Problem to solve>
Below is a listing. Set down exactly the lines from the one containing "used 2022 Jeep" through the one containing "日焼け跡くっきりの巨乳美女が", both ends included, and leave out the rest.

Study material>
== == ==

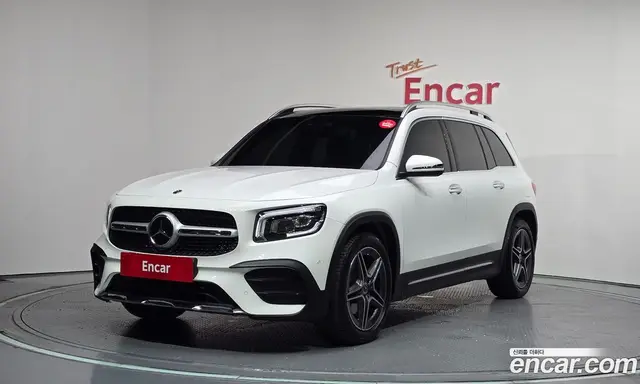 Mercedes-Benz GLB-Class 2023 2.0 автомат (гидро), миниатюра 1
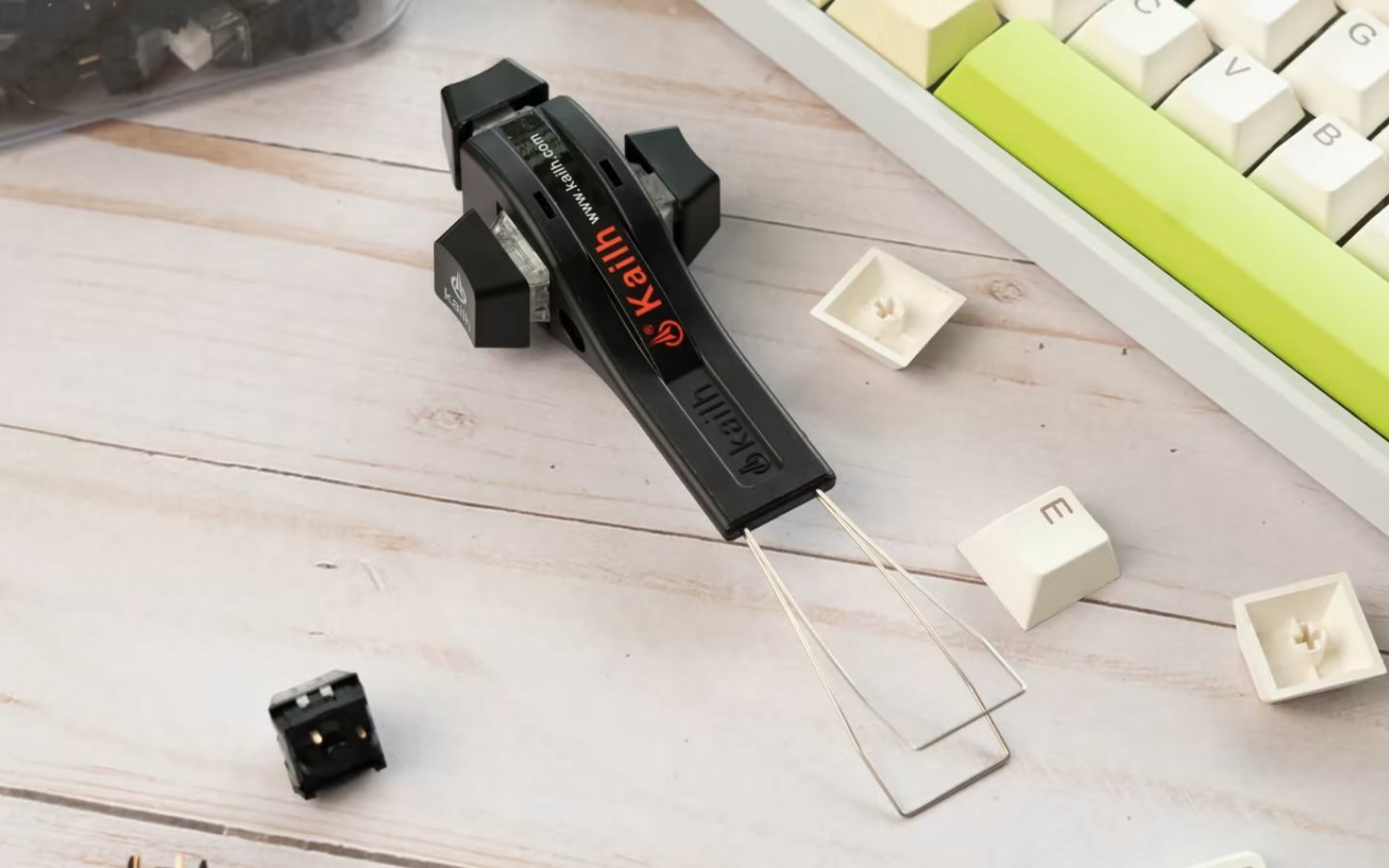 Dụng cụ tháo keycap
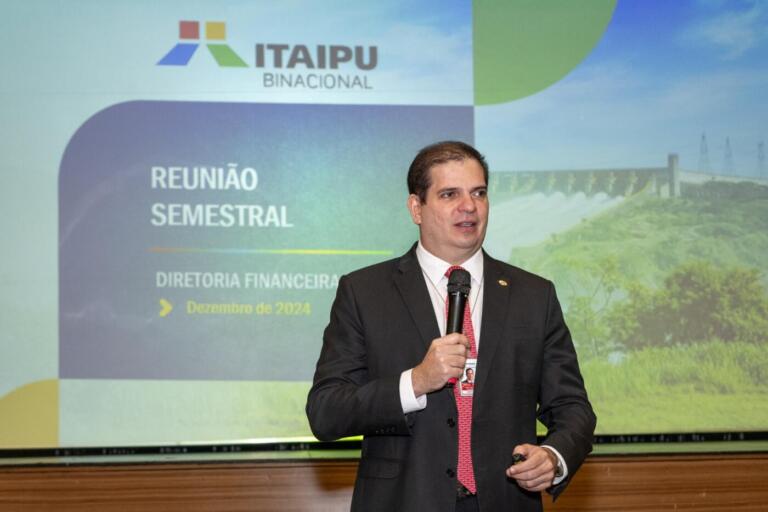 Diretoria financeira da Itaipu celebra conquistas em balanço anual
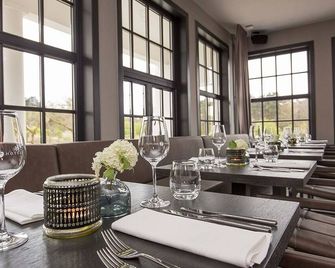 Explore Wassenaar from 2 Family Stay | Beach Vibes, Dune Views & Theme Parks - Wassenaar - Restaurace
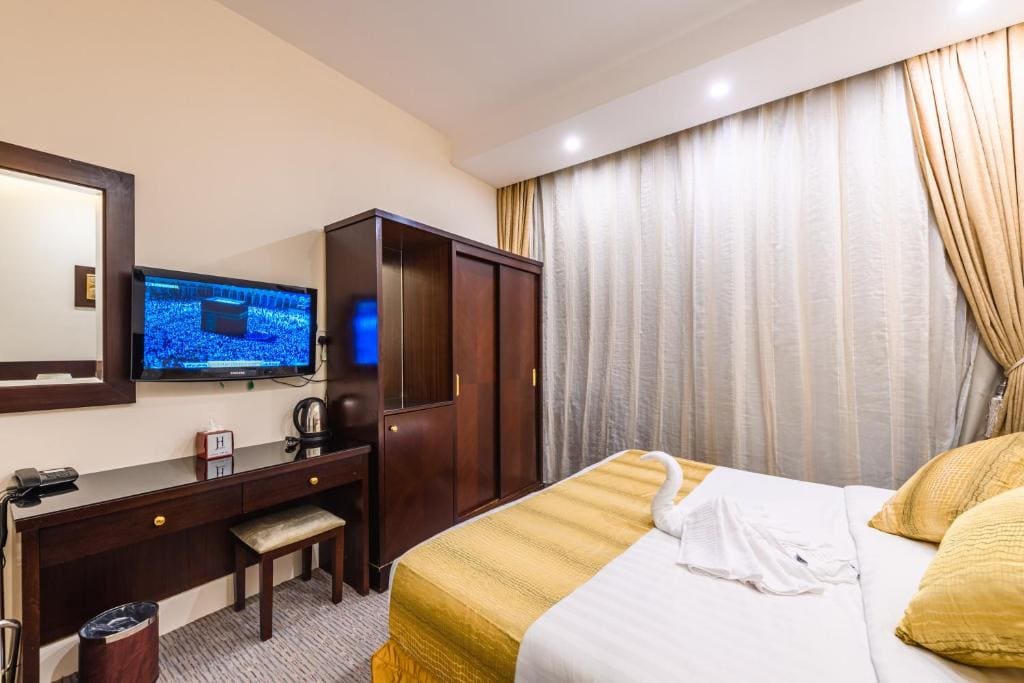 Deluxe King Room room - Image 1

== == ==

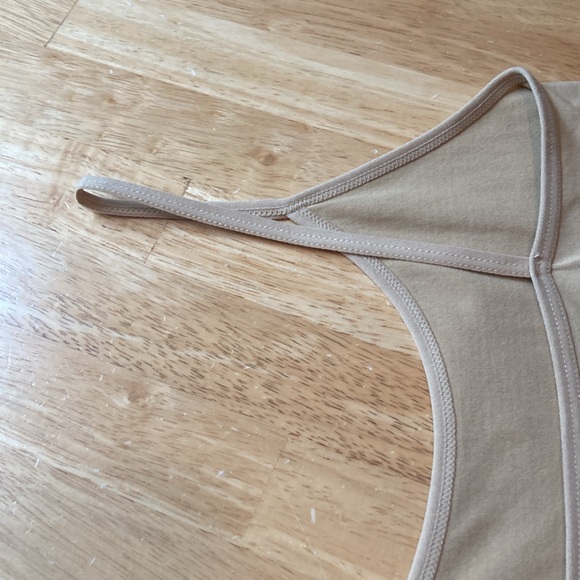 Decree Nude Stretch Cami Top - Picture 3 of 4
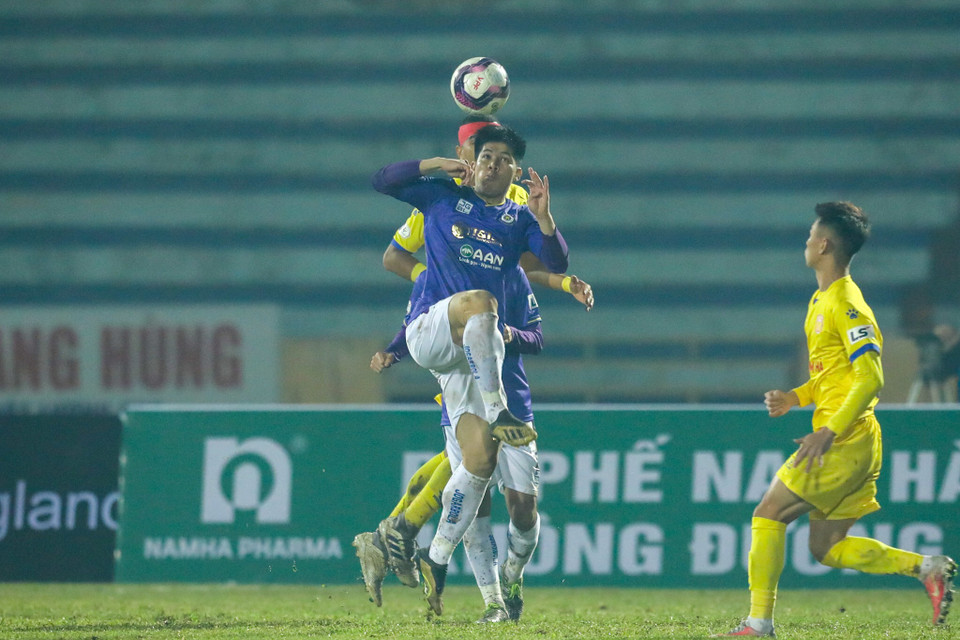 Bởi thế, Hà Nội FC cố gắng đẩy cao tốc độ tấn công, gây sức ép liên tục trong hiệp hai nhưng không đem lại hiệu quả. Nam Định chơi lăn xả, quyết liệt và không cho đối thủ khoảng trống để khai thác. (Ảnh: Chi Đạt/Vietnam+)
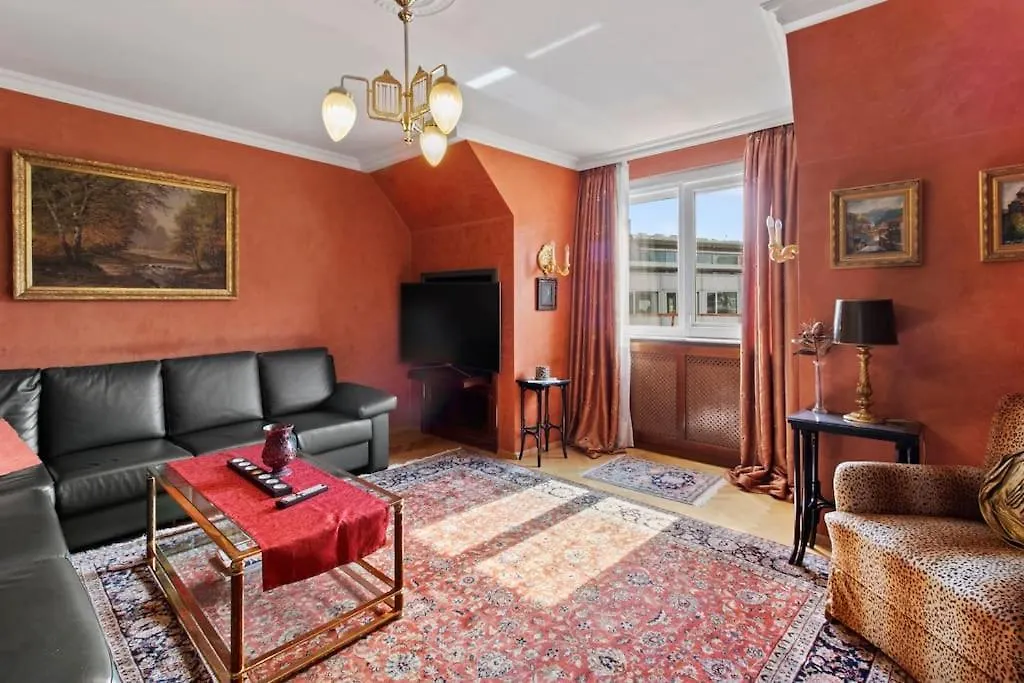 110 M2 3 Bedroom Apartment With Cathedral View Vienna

== == ==

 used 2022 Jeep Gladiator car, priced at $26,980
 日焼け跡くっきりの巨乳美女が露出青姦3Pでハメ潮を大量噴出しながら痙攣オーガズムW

== == ==

Your response>
 used 2022 Jeep Gladiator car, priced at $26,980
 日焼け跡くっきりの巨乳美女が露出青姦3Pでハメ潮を大量噴出しながら痙攣オーガズムW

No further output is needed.